Il peut également y avoir un plateau de risque comme pour le tabagisme. Que l’on fume depuis 25 ans ou 35 ans, le risque de cancer du poumon est à peu près le même (très élevé pour les deux) (Table II). Ainsi, l’industrie du tabac pourrait honnêtement dire à quelqu’un qui a fumé pendant la majeure partie de leur vie, pour les 25 dernières années, qu’en continuant de fumer, le risque de cancer du poumon ne va pas augmenter (5). Il se passe la même chose dans l’agroalimentaire.
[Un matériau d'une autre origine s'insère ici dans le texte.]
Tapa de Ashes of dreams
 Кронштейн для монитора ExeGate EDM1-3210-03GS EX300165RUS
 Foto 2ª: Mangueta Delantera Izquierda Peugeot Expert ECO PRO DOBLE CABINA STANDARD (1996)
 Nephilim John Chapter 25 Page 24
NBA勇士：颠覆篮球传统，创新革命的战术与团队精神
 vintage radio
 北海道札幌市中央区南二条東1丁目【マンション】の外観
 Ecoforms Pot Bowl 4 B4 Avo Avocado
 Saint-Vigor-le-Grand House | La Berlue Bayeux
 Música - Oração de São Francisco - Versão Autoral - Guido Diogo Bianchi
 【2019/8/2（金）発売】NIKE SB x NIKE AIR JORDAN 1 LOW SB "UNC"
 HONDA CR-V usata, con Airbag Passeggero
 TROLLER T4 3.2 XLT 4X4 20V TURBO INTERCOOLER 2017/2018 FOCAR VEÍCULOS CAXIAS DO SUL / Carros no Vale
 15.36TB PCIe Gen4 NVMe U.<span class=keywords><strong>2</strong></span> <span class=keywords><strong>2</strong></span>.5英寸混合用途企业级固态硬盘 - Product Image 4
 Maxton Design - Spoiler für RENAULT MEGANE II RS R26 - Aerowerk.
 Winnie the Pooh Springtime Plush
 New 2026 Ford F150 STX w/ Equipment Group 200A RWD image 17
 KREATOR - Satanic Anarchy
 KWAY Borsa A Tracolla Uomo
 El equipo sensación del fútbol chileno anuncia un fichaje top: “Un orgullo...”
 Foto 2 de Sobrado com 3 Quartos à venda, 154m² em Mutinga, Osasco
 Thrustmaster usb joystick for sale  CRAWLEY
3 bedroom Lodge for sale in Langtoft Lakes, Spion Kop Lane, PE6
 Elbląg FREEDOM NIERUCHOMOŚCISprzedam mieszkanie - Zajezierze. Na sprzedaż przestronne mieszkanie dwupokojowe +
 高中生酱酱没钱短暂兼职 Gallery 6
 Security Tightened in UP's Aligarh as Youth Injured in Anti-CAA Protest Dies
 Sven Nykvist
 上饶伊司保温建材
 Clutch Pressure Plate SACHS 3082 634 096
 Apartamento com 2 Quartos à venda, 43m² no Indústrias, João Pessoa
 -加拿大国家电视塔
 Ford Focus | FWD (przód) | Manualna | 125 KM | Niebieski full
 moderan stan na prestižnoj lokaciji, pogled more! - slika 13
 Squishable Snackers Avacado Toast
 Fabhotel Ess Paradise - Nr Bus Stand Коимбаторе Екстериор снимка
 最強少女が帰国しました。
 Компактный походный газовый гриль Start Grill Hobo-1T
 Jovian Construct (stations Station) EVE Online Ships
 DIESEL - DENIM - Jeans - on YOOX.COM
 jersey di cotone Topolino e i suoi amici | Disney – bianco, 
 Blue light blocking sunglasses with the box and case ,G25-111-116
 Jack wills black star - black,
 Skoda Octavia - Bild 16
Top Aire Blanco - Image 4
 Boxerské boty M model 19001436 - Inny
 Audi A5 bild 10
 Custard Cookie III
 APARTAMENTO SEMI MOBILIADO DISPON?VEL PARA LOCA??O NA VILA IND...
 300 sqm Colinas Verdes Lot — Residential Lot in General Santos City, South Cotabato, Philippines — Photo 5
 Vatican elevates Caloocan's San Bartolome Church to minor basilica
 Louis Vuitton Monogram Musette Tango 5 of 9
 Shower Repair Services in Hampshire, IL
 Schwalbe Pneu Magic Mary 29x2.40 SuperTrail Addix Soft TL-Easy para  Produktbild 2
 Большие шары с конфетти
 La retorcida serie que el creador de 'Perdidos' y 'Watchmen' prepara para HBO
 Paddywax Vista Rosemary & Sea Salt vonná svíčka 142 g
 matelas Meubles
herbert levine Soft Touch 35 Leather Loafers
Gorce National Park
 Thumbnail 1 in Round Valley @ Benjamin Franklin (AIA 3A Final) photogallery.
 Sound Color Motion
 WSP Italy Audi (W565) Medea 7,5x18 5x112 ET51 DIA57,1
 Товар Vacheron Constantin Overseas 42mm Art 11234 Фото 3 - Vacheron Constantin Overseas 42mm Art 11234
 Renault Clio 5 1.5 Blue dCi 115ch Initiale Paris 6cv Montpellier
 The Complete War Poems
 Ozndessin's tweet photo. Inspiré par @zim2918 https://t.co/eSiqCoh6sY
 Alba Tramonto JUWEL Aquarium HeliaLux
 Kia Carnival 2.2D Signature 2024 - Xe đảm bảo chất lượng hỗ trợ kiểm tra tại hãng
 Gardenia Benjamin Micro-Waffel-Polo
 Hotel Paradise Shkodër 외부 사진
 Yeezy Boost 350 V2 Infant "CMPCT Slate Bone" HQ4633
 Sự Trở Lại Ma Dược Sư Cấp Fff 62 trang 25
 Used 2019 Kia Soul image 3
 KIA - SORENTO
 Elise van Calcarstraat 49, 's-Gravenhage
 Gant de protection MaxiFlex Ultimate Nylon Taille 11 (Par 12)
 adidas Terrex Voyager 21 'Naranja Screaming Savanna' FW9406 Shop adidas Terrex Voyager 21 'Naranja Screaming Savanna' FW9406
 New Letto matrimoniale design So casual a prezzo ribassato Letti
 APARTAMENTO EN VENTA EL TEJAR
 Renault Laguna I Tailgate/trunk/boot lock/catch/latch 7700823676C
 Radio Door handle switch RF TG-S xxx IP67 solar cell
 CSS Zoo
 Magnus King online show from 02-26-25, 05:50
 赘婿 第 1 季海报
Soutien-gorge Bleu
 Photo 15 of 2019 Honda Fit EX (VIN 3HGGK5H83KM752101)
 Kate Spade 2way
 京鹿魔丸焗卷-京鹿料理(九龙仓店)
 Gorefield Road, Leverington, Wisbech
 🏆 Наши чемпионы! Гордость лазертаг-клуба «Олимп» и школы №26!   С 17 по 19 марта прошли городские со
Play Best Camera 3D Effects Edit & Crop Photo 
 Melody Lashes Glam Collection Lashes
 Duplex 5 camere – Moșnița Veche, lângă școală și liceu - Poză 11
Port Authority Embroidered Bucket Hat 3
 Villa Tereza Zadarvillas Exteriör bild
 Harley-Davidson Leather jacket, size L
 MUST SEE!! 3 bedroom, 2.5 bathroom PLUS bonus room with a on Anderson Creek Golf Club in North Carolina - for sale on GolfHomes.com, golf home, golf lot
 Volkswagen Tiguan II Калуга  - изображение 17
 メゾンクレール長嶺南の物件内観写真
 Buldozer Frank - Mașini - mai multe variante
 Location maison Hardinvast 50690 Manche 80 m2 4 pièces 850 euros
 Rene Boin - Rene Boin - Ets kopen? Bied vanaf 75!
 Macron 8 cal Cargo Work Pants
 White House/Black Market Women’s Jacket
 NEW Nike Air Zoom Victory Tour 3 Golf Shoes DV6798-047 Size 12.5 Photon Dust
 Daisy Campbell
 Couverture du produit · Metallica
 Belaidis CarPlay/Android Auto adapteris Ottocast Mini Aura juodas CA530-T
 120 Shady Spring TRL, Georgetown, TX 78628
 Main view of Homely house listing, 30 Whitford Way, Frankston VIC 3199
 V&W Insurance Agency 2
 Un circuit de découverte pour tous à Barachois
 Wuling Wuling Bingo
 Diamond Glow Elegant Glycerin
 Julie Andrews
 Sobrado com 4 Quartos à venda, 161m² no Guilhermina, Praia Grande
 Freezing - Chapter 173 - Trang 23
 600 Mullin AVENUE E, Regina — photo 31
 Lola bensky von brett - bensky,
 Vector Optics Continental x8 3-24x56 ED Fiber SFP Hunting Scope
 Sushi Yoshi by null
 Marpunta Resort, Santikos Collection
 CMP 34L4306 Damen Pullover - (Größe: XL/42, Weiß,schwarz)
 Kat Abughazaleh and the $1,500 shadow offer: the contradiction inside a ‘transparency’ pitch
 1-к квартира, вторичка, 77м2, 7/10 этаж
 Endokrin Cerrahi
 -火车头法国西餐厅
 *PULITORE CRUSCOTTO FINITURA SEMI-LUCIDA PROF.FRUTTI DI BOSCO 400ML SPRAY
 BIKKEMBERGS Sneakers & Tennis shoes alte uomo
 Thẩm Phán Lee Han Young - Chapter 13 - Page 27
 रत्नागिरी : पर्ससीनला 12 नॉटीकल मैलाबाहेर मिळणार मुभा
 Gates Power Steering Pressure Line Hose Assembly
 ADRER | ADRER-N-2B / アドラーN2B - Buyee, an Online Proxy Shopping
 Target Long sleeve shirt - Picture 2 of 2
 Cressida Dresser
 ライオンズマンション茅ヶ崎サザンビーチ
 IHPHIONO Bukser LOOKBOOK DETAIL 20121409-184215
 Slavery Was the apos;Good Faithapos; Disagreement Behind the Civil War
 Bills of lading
Par exemple, l’industrie des œufs peut concevoir une étude montrant que l’ajout d’œufs ne fait pas beaucoup de différence, mais en faisant la même omission pratique, que l’arrêt, permettrait d’améliorer son état de santé. L’analogie pourrait également être faite avec une personne alcoolique. Si l’on prend un ivrogne, qu’on lui donne un verre de whisky. Pour une personne saoul, ça ne ferait pas grande différence, mais pour une personne qui ne boit pas d’alcool, cet unique verre pourrait visiblement modifier son état, avoir un effet visible. (analogie du feu possible aussi ).
Il serait peut-être nécessaire de revoir les valeurs normatives en place actuellement et qui représentent un risque pour la santé des personnes et de se tourner vers des valeurs à faible risque, notamment dans le cas du cholestérol (3).
- Y Li, C Zhou, X Zhou, L Li. Egg consumption and risk of cardiovascular diseases and diabetes: A meta-analysis. Atherosclerosis 2013 229(2):524 – 530.
- J D Spence, D J A Jenkins, J Davignon. Egg yolk consumption, smoking and carotid plaque: Reply to letters to the Editor by Sean Lucan and T Dylan Olver et al. Atherosclerosis 2013 227(1):189 – 191.
- G Rose. Sick individuals and sick populations. International journal of epidemiology 2001 30(3):427 – 432.
- U.S. Department of Health and Human Services and U.S. Department of Agriculture. 2015 – 2020 Dietary Guidelines for Americans. 8th Edition. December 2015.
- V Gajalakshmi, R J Hung, A Mathew, C Varghese, P Brennan, P Boffetta. Tobacco smoking and chewing, alcohol drinking and lung cancer risk among men in southern India. Int J Cancer 2003 107(3):441 – 447.